#### EXERCISE OBJECTIVE
Could all of the entries be written out exactly, with any pictures omitted?
=== DATASET EXCERPTS ===
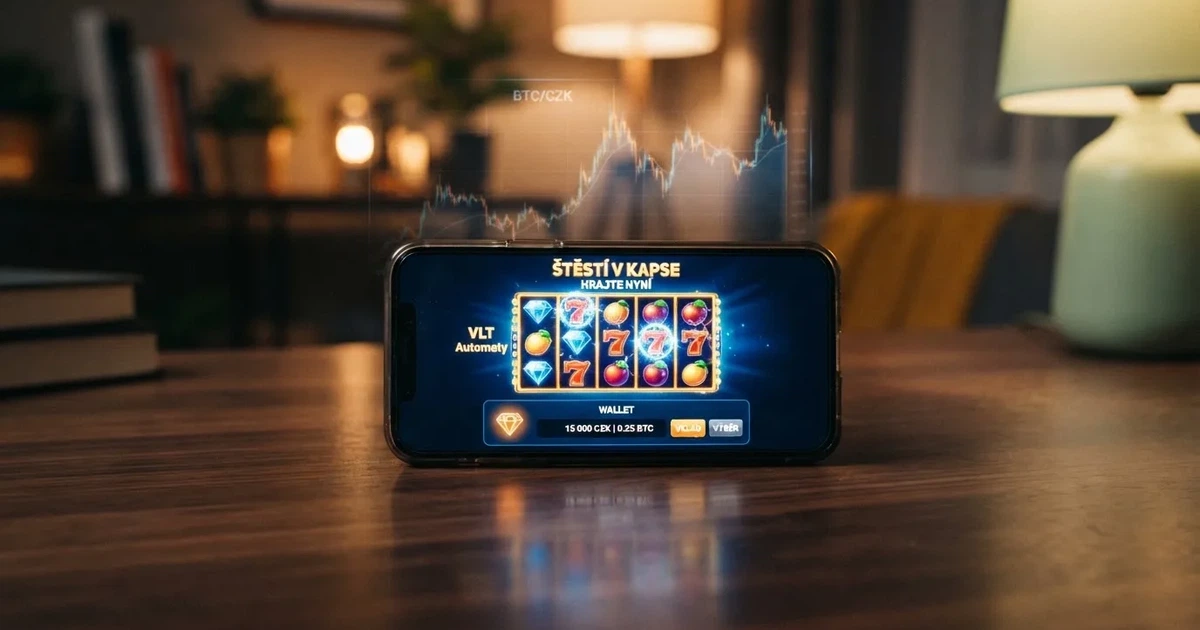 Ethereum logo na pozadí online casino lobby s viditelnou peněženkou MetaMask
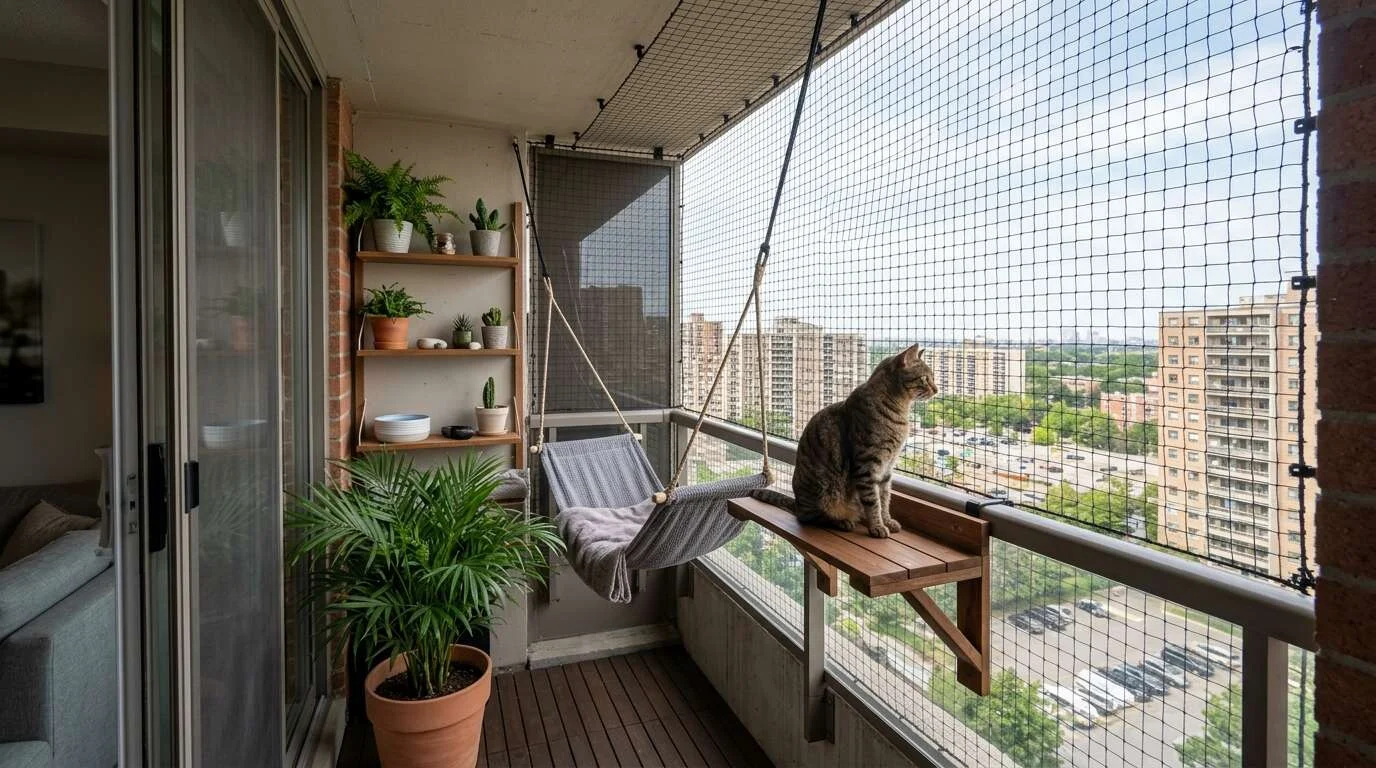 Indoor cat enclosure balcony netting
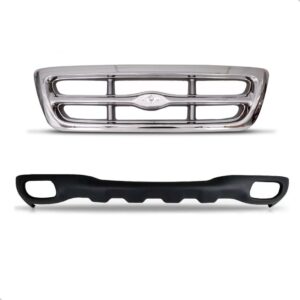 Kit Spoiler E Grade Cromada Para Pickup Ranger 1998 A 2004 Cromado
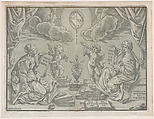 Allegory of a thesis, two women hold inscribed tablets, Bartolomeo Coriolano Italian, Chiaroscuro woodcut from two blocks printed and green (only state)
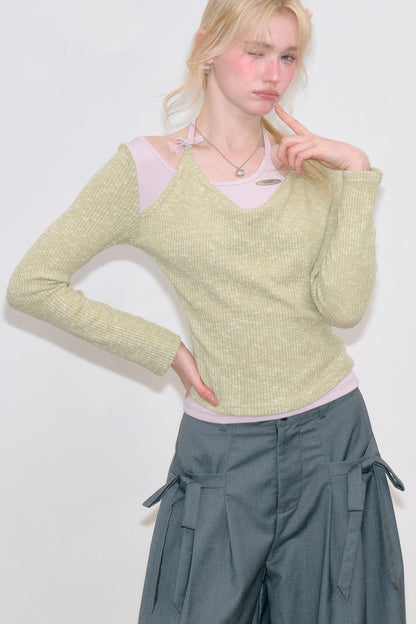 Green Purple Halter Layered-Look Knit Top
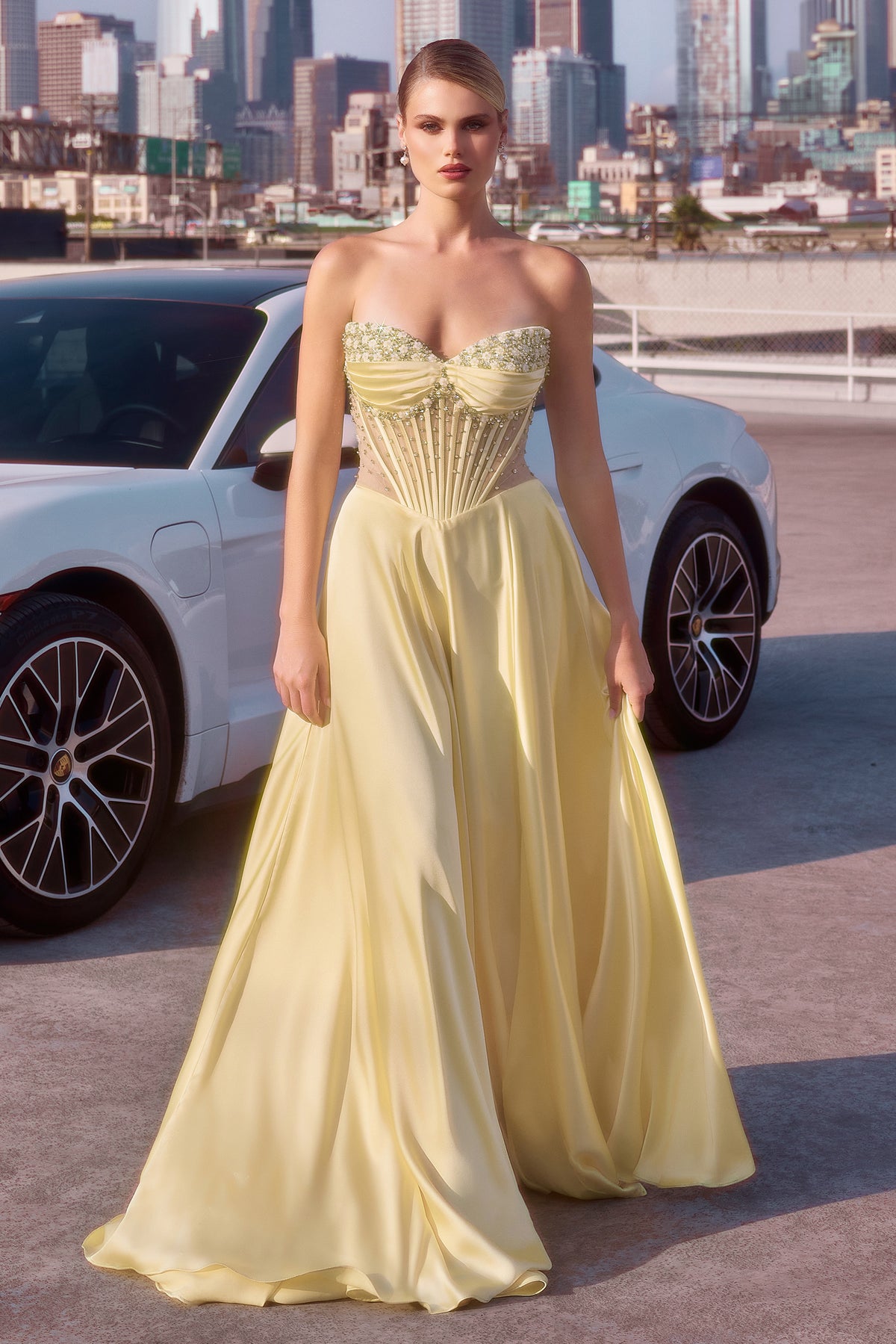 Ladivine CD297 Strapless Crystal Beaded Satin A Line Dress - NORMA REED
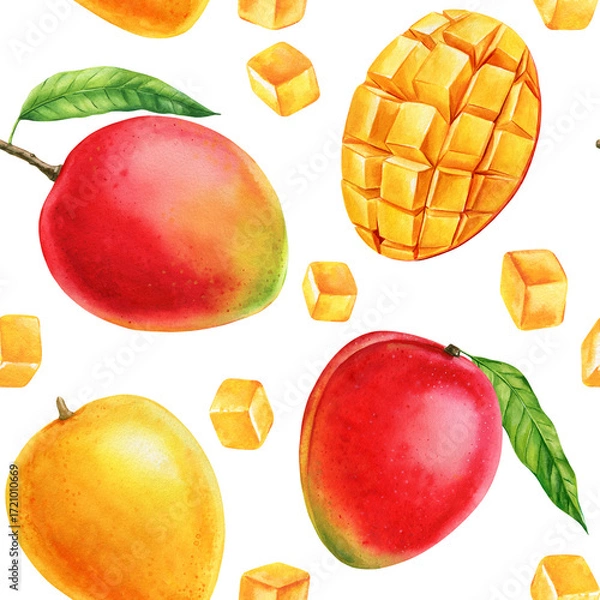 Obraz Ripe mango fruits with sliced cubes tropical watercolor seamless pattern fresh exotic summer fruit design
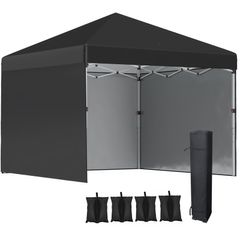 3 x 3 (M) Pop Up Gazebo Event Shelter, Height Adjustable Party Tent with 3 Sidewalls, Weight Bags and Wheeled Bag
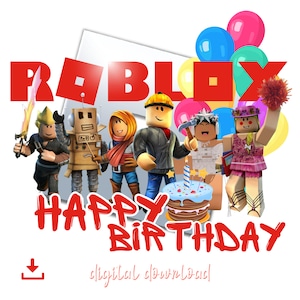Roblox Happy Birthday PNG Set 4 Designs, Sofortiger Download, Gaming PNG Bundle, Roblocks Clipart Bundle, digitales Papier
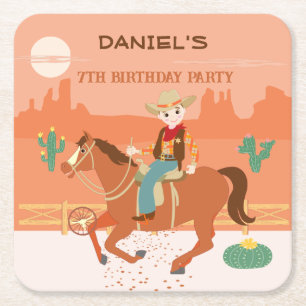 Cool little cowboy and horse Birthday Party Square Paper Coaster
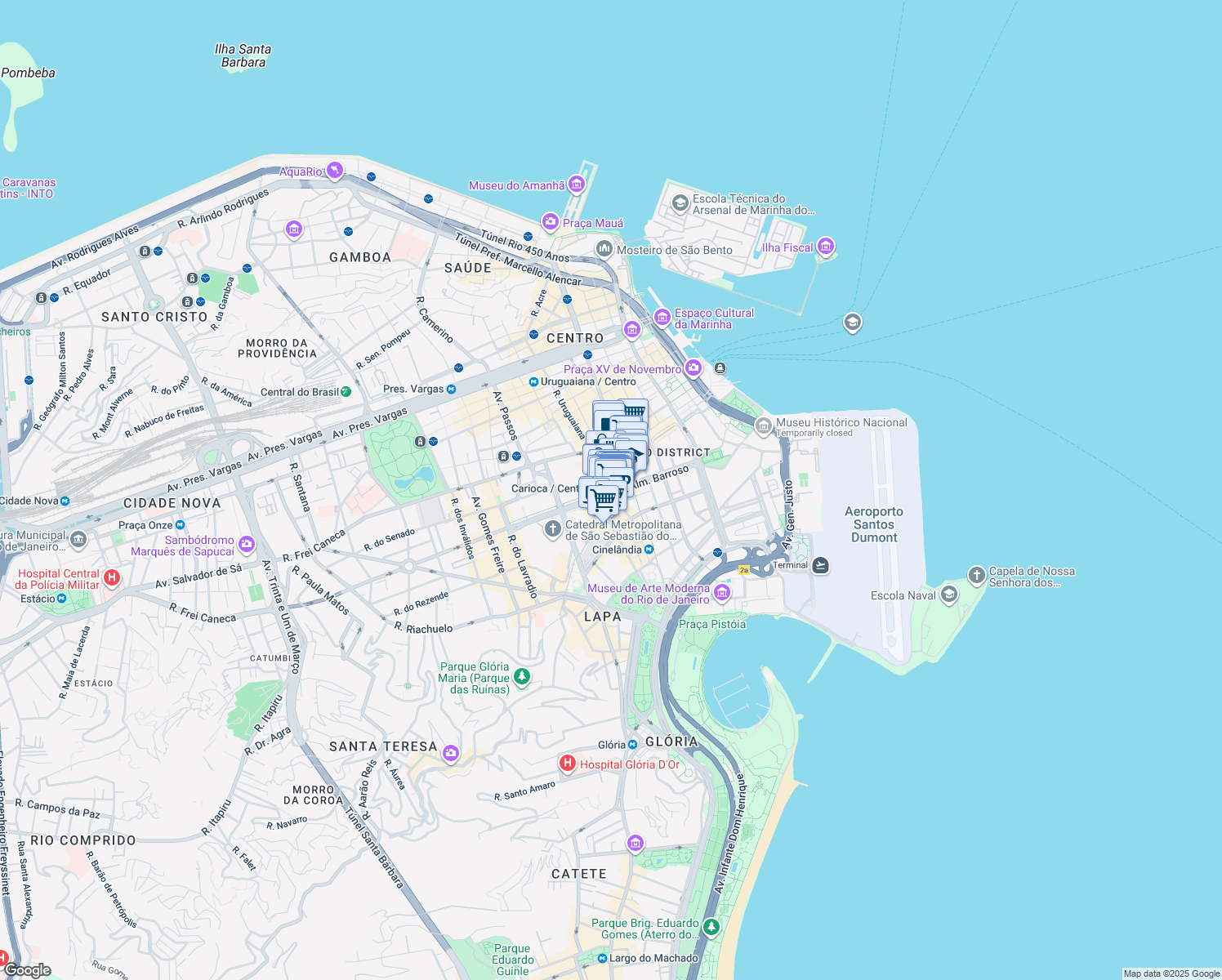 map of restaurants, bars, coffee shops, grocery stores, and more near 100 Avenida República do Chile in Rio de Janeiro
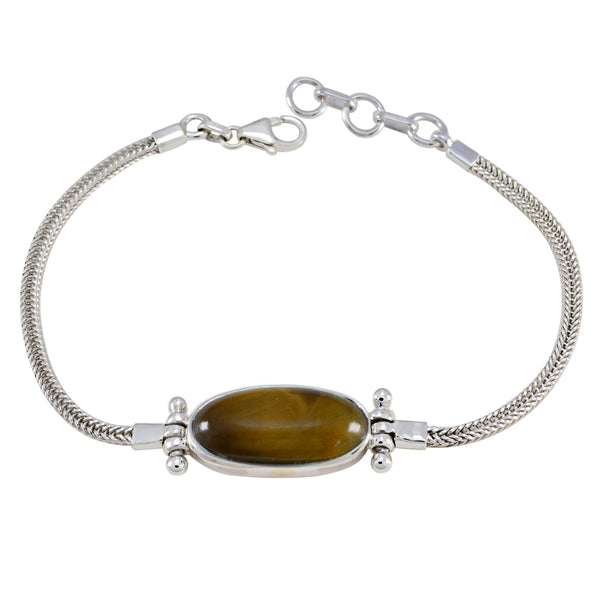 Tiger Eye Workwear Featherlight Brown Sterling Silver Chain Bracelet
===
#### EXERCISE ANSWER
 Ethereum logo na pozadí online casino lobby s viditelnou peněženkou MetaMask
 Indoor cat enclosure balcony netting
 Kit Spoiler E Grade Cromada Para Pickup Ranger 1998 A 2004 Cromado
 Allegory of a thesis, two women hold inscribed tablets, Bartolomeo Coriolano Italian, Chiaroscuro woodcut from two blocks printed and green (only state)
 Green Purple Halter Layered-Look Knit Top
 Ladivine CD297 Strapless Crystal Beaded Satin A Line Dress - NORMA REED
 Obraz Ripe mango fruits with sliced cubes tropical watercolor seamless pattern fresh exotic summer fruit design
 3 x 3 (M) Pop Up Gazebo Event Shelter, Height Adjustable Party Tent with 3 Sidewalls, Weight Bags and Wheeled Bag
Roblox Happy Birthday PNG Set 4 Designs, Sofortiger Download, Gaming PNG Bundle, Roblocks Clipart Bundle, digitales Papier
 Cool little cowboy and horse Birthday Party Square Paper Coaster
 map of restaurants, bars, coffee shops, grocery stores, and more near 100 Avenida República do Chile in Rio de Janeiro
 Tiger Eye Workwear Featherlight Brown Sterling Silver Chain Bracelet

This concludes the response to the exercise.